Read any human-rights report on China and sooner or later you’ll see the word ‘policeman’ coupled with words such as ‘torture’ or ‘brutality’. And yet here they are, a 200-strong battalion, stationed out the front of the China Fashion Awards, ensuring that no celebrity should suffer the indignity of walking more than two yards from their chauffeur-driven limo to the red carpet, and that the footballers’ hairdos don’t get drizzled on.
Worse, it turns out that the event’s sponsors include OK!. The official role of the cops therefore appears to be to protect the global business interests of Richard Desmond, the founder of OK! and former publisher of Asian Babes, Big Ones and Horny Housewives, titles unlikely to get past the Chinese censors any time soon. Protecting ex-porn barons is one thing in the People’s Republic of China, but possessing pornography is a crime that can result in the Re-education Through Labour Committee sending you to a labour camp for three years.It’s not hard to see why OK! wants a piece of the action, though, for the cream of Shanghai society is here, as well as crowds of eager but incredibly well-behaved fans, and celebrities galore: singers from Taiwan in head-to-toe Versace; actresses from Hong Kong in slashed-to-the-thigh Liz Hurley-style numbers; a 14-member boy band consisting of the finalists of the Chinese version of Pop Idol, and great flocks of 6ft models who skitter up the red carpet like nervous gazelles expecting an attack by water buffalo.
Inside, a Jeremy Beadle lookalike from Taiwan with impressively bouffy hair is compering. A 24-year-old from a local English-language magazine, Claire (like all the English-speaking Chinese, she’s taken an English name) translates for me with an increasingly surreal commentary.
‘She was Chinese Vogue’s first cover star,’ she whispers when one of the gazelles walks on stage. ‘We think she is very ugly. He is very famous because he changes his hairstyle often. That singer in the band – he is deaf. And dumb.’
‘Is he… popular?’ I ask.
‘Oh yes,’ she says. ‘People love him!’
In fact, the show doesn’t require all that much translation. The evening largely consists of a succession of glossy, shiny people coming up on stage, each glossier and shinier than the last, right up until the moment a middle-aged man in a drab suit with bottle-lens glasses and a balding head sweeps into the spotlight.
‘He is the chairman of Shanghai Media,’ whispers Claire. ‘The government.’

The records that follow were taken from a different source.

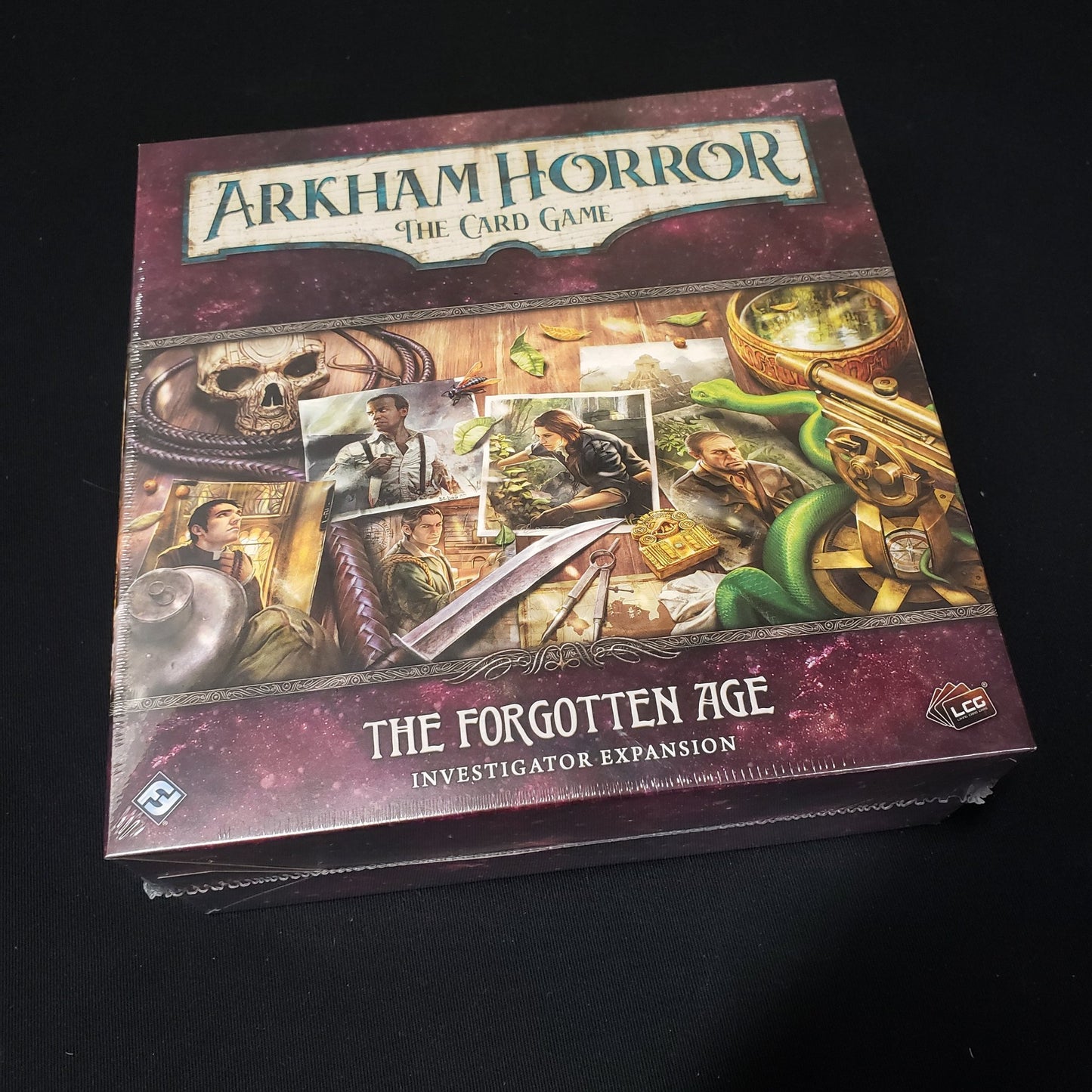 Image shows the front cover of the box of the Forgotten Age Investigator expansion for the Arkham Horror card game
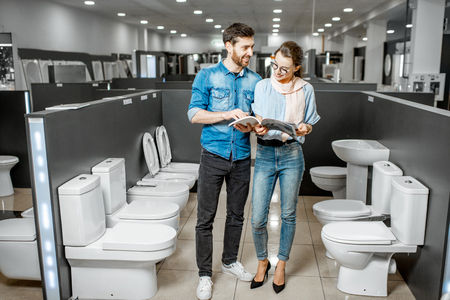 Young couple choosing lavatory pan standing together in the building shop with sanitary ceramicsの写真素材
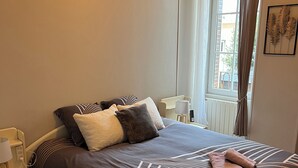 Una cama bien hecha con ropa de cama a rayas, una mesita de noche con lámpara y una ventana con cortinas.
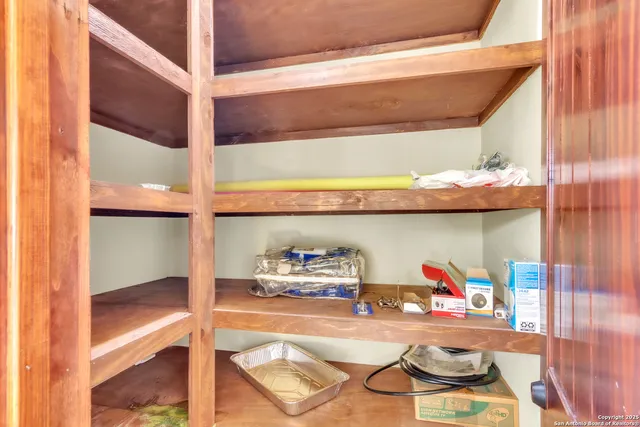 a room with lots of white furniture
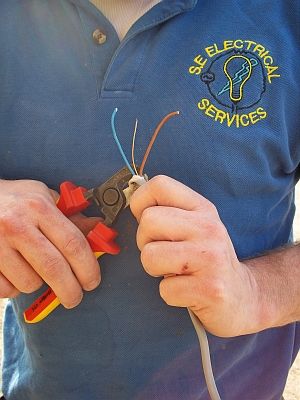 One of our qualified electricians preparing cable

He’s so alien, so totally out of place, that I half-expect him to speak in the synthesised electronic tones of R2D2. He’s here to present the Male Fashion Icon of the Year award, and as a man with spiky red hair steps up to accept the prize, they form a tableau vivant: old China meets new China. Can this really be what ex-president Deng Xiaoping meant when he talked about ‘socialism with Chinese characteristics’ almost 30 years ago?

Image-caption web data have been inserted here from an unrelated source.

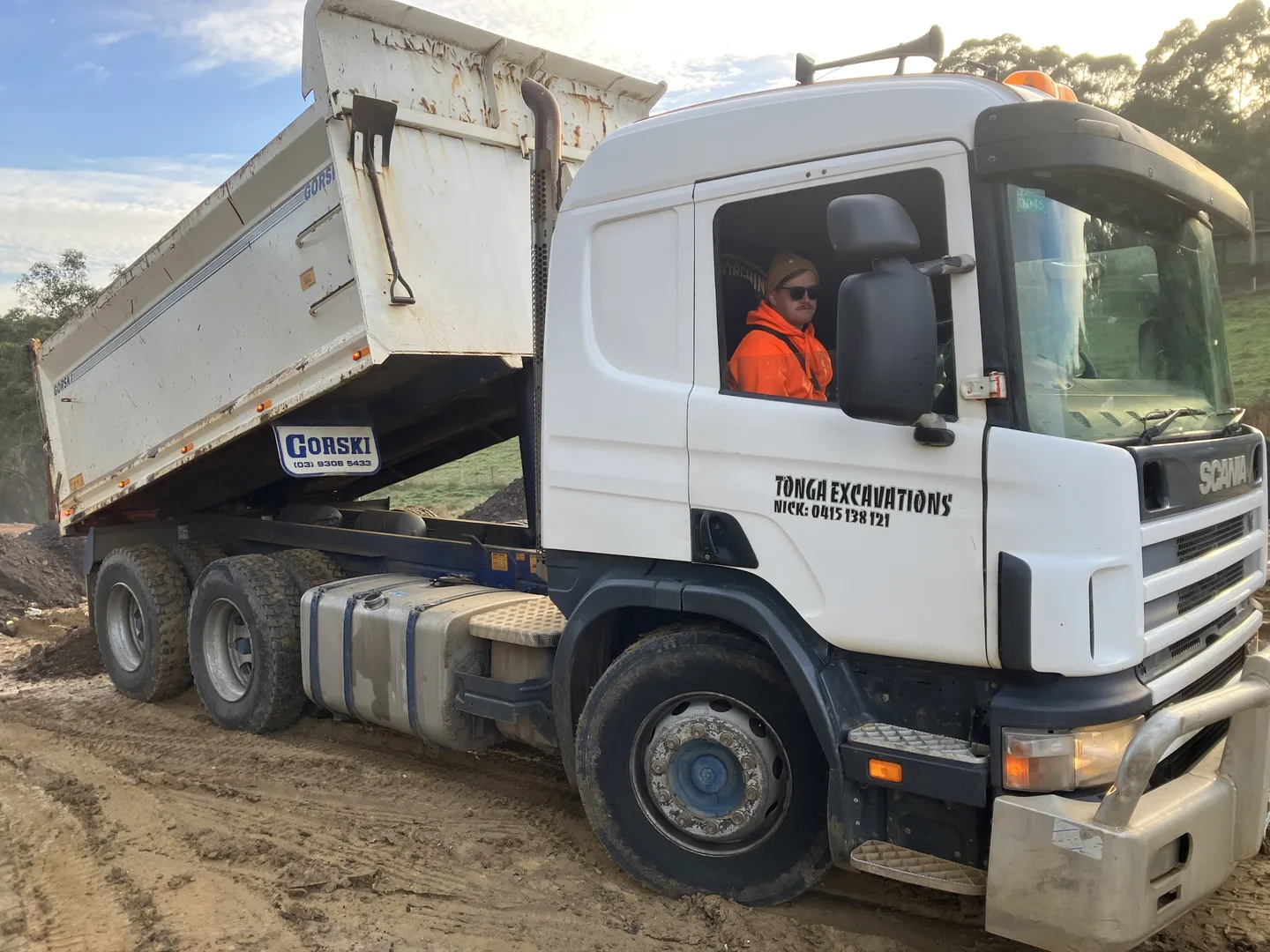 Dump truck at construction site with driver inside.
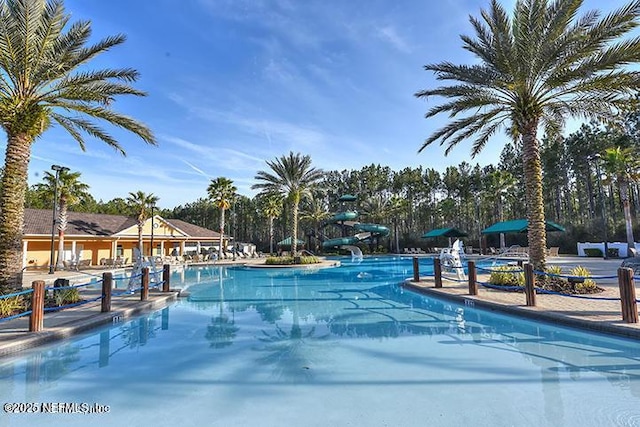 745 Austin Pl, Saint Johns, FL 32259 - community pool featuring a water slide and a patio
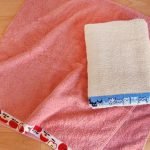 一條貓咪圖案毛巾放在桌子上,位於蘋果設計毛巾之上,左上角有K'S Cottonhouse標誌. A cat pattern towel placed on a table, resting on top of an apple design towel, with the K'S Cottonhouse logo in the upper left corner.v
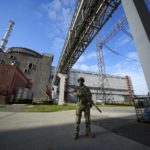 
              FILE - A Russian serviceman guards an area of the Zaporizhzhia Nuclear Power Station in territory under Russian military control, southeastern Ukraine, May 1, 2022. Moscow and Kyiv have traded accusations of shelling the Russia-occupied Zaporizhzhia nuclear power plant, Europe's largest, that fueled fears of a nuclear disaster. (AP Photo, File)
            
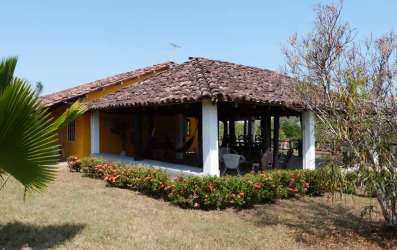 Rustic kitchen with stove, fridge, tiled backsplash in Pedasí Panama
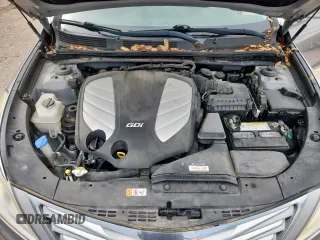 2013 Hyundai Azera z VIN KMHFG4JG9DA217664, wystawiony jako Copart lot #60855945 z przebiegiem 115 623 mil mil oraz Czysty tytuł • Clean title. Historia ofert i sprzedaży dostępna na DreamBid. Obrazek 11.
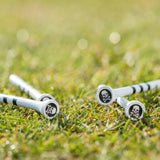 Four golf tees featuring skull and bones design on their tops, situated on green grass.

When I ask Claire how they decide the winners, she shrugs her shoulders, but it all seems a bit of a stitch-up. Procter & Gamble is another of the sponsors, and although there’s a whole football team from Prada and another from Hermes taking up the front two rows, Brand of the Year goes to Lux, a cheapo soap bar that P&G just happens to make.
But the evening is as good an introduction as any to the forces at work in modern China. For a start, there’s the unedifying spectacle of western companies desperately ingratiating themselves with a Chinese audience (China’s economy grew by 10.4 per cent last year, with foreign investment reaching £2.27bn). The Dutch chairman of Unilever goes on stage and thanks the producers for a show that he declares is ‘so edgy, so groovy and so swinging’. There are whispers among the audience that the awards aren’t totally above board. But I learn later that that’s how business is conducted here, namely by the traditional virtue of guanxi. Or in other words, through elaborate social relationships rather than on merit.
There’s also the stark division between rural China, where 900m people live largely in poverty, and urban China – the 400m people who have already made the country the third-largest consumer of luxury goods in the world and by 2015 are predicted to have shopped it into first place. Indeed, the crowd grows restless when a film is shown of some barefoot Chinese children, and only snaps to attention again when some models in short skirts are brought on.
And then, finally, there are the brands, the labels, the designer dresses – lots of them. Or as Julien, a Frenchman who works for Prada, sums it up: ‘It’s all money, money, money. Even two years ago it was normal; now it has gone totally crazy. We have eight stores already, but we are opening more. Dozens more. You have to see these people when they come in to the shop. Oh my God! They carry bags of cash with them! Plastic bags full of cash!’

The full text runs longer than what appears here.